==== INFORMATION SUPPLIED
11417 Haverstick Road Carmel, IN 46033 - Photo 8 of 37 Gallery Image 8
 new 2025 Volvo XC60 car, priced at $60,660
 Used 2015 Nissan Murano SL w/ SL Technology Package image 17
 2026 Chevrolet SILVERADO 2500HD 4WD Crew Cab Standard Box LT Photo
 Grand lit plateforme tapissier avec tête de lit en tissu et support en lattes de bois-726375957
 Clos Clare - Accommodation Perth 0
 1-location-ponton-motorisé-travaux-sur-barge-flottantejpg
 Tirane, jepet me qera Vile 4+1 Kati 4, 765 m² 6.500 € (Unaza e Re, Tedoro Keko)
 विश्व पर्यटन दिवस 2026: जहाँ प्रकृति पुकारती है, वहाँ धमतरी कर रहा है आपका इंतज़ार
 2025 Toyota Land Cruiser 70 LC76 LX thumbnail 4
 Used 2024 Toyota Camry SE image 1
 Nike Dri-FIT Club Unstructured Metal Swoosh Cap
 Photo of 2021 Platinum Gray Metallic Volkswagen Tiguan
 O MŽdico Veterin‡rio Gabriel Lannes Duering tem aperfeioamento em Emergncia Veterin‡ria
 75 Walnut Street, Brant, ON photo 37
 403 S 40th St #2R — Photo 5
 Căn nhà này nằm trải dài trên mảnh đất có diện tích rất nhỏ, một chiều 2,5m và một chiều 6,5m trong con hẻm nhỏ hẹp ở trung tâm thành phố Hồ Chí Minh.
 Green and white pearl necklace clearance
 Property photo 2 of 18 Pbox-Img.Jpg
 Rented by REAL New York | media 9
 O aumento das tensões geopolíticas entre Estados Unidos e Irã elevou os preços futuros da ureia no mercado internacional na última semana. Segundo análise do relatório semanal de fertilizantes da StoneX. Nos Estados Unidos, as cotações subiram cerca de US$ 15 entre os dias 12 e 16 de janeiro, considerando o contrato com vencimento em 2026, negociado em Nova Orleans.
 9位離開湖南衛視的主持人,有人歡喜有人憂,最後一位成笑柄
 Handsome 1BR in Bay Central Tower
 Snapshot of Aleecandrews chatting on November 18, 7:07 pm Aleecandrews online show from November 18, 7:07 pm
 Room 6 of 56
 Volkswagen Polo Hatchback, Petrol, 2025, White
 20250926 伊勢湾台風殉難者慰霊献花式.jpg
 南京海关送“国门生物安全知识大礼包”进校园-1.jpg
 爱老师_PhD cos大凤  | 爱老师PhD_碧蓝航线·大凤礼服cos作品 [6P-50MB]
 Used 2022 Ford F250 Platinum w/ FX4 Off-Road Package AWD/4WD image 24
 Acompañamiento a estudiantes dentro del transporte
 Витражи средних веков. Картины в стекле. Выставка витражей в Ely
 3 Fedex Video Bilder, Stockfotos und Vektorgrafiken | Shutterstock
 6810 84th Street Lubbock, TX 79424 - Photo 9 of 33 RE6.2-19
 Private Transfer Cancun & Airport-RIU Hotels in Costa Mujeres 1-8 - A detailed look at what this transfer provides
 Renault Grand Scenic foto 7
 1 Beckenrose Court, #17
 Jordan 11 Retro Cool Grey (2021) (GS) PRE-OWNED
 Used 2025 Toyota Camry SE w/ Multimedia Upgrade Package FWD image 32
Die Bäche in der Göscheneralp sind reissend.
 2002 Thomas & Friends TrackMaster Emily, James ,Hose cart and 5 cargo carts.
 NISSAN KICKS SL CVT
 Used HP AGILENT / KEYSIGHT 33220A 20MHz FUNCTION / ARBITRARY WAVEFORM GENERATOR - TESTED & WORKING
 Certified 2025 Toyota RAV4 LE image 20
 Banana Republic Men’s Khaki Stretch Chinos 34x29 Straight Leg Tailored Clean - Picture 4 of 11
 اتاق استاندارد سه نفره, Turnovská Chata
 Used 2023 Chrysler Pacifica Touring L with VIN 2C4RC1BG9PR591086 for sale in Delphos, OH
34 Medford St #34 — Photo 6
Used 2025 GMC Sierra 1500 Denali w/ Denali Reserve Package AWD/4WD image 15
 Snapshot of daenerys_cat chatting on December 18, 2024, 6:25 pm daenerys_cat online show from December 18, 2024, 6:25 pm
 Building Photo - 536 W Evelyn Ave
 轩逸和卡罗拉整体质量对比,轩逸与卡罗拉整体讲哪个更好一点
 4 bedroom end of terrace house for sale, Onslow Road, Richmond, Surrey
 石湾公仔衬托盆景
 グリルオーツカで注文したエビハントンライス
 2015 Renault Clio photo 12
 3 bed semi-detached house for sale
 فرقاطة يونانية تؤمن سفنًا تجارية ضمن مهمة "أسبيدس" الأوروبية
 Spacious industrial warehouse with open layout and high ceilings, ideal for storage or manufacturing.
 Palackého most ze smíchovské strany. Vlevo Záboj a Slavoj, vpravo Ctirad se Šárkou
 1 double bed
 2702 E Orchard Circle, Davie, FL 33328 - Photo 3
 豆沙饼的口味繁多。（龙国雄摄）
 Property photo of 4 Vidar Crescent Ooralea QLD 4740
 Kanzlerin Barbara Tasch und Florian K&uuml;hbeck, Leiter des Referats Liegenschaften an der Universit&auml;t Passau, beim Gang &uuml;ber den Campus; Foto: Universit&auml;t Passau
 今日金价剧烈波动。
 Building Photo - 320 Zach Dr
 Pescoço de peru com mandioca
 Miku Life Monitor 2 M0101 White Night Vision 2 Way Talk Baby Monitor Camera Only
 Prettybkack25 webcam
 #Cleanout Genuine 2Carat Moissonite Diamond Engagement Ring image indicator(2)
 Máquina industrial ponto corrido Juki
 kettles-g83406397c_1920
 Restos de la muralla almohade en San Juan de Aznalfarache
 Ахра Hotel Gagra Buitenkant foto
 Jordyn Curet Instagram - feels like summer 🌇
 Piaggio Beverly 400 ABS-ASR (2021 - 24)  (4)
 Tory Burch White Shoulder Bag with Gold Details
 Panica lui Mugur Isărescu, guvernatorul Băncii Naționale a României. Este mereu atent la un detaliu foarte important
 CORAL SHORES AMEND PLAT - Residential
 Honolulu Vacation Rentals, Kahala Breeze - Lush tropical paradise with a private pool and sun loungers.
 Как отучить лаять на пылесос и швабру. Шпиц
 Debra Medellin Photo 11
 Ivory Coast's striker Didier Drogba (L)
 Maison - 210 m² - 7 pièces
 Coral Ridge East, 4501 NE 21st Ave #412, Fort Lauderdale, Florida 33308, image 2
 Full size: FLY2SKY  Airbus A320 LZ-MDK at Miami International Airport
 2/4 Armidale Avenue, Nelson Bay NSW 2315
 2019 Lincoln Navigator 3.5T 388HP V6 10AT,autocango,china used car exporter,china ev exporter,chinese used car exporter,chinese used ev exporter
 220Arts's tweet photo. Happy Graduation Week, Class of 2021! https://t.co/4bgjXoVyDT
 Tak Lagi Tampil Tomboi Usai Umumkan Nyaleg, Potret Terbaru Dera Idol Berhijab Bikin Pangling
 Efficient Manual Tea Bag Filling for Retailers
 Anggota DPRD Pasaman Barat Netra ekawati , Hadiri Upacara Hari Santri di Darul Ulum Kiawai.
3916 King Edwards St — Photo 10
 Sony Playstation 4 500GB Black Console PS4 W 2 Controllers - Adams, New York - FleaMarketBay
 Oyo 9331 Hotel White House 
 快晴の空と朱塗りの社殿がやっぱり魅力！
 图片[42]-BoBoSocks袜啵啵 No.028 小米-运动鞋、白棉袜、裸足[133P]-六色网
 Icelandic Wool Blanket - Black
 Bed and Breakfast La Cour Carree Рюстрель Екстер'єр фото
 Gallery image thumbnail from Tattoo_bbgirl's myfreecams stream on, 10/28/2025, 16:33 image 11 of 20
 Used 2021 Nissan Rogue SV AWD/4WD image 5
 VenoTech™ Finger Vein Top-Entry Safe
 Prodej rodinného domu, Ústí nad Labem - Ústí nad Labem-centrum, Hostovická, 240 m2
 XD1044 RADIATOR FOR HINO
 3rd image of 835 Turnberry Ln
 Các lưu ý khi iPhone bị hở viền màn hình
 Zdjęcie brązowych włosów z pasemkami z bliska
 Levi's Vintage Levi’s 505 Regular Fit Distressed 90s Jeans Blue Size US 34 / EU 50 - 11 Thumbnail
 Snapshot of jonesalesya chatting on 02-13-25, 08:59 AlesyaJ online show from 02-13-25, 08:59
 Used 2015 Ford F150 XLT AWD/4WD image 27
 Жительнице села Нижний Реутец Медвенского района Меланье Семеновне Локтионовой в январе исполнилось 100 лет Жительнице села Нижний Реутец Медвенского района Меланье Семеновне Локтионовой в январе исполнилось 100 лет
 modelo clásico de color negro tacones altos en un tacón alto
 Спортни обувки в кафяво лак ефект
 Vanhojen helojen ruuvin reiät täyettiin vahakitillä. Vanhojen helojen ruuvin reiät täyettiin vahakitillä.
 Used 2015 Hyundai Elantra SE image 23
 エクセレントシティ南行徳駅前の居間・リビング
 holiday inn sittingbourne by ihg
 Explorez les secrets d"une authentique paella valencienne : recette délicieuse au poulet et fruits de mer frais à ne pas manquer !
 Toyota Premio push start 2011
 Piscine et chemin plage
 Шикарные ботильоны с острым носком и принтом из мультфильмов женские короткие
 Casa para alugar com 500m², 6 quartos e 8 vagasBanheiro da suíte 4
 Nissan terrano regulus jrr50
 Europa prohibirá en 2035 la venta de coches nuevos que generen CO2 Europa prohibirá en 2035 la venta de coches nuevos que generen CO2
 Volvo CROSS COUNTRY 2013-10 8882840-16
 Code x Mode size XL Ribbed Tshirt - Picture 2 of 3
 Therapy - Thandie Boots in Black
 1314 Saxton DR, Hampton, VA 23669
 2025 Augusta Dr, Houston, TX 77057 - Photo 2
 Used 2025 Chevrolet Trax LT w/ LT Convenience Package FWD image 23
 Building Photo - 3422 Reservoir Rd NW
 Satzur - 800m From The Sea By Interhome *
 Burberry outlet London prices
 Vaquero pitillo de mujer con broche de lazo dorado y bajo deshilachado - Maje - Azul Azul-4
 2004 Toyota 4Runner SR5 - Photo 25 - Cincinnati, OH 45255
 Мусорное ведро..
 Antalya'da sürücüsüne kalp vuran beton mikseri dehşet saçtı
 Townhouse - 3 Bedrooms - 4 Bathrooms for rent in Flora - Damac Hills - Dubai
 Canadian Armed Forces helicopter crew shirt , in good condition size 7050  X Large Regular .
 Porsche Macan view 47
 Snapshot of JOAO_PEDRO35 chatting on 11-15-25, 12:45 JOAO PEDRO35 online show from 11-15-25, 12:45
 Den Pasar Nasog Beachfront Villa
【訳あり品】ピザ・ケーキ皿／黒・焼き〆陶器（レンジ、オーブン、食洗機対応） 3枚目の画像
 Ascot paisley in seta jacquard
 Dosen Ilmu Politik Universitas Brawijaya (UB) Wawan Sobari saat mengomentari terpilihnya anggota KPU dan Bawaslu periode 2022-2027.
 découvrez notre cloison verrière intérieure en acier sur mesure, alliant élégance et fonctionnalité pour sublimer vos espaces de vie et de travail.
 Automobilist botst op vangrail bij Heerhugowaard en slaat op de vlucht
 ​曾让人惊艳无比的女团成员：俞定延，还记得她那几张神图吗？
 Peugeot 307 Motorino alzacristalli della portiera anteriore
========
-- EXERCISE OBJECTIVE --
Output should match, line for line, the stretch of the material above from the line holding "豆沙饼的口味繁多。（龙国雄摄）" through the line holding "Tak Lagi Tampil".

-- COMPLETED TASK --
 豆沙饼的口味繁多。（龙国雄摄）
 Property photo of 4 Vidar Crescent Ooralea QLD 4740
 Kanzlerin Barbara Tasch und Florian K&uuml;hbeck, Leiter des Referats Liegenschaften an der Universit&auml;t Passau, beim Gang &uuml;ber den Campus; Foto: Universit&auml;t Passau
 今日金价剧烈波动。
 Building Photo - 320 Zach Dr
 Pescoço de peru com mandioca
 Miku Life Monitor 2 M0101 White Night Vision 2 Way Talk Baby Monitor Camera Only
 Prettybkack25 webcam
 #Cleanout Genuine 2Carat Moissonite Diamond Engagement Ring image indicator(2)
 Máquina industrial ponto corrido Juki
 kettles-g83406397c_1920
 Restos de la muralla almohade en San Juan de Aznalfarache
 Ахра Hotel Gagra Buitenkant foto
 Jordyn Curet Instagram - feels like summer 🌇
 Piaggio Beverly 400 ABS-ASR (2021 - 24)  (4)
 Tory Burch White Shoulder Bag with Gold Details
 Panica lui Mugur Isărescu, guvernatorul Băncii Naționale a României. Este mereu atent la un detaliu foarte important
 CORAL SHORES AMEND PLAT - Residential
 Honolulu Vacation Rentals, Kahala Breeze - Lush tropical paradise with a private pool and sun loungers.
 Как отучить лаять на пылесос и швабру. Шпиц
 Debra Medellin Photo 11
 Ivory Coast's striker Didier Drogba (L)
 Maison - 210 m² - 7 pièces
 Coral Ridge East, 4501 NE 21st Ave #412, Fort Lauderdale, Florida 33308, image 2
 Full size: FLY2SKY  Airbus A320 LZ-MDK at Miami International Airport
 2/4 Armidale Avenue, Nelson Bay NSW 2315
 2019 Lincoln Navigator 3.5T 388HP V6 10AT,autocango,china used car exporter,china ev exporter,chinese used car exporter,chinese used ev exporter
 220Arts's tweet photo. Happy Graduation Week, Class of 2021! https://t.co/4bgjXoVyDT
 Tak Lagi Tampil Tomboi Usai Umumkan Nyaleg, Potret Terbaru Dera Idol Berhijab Bikin Pangling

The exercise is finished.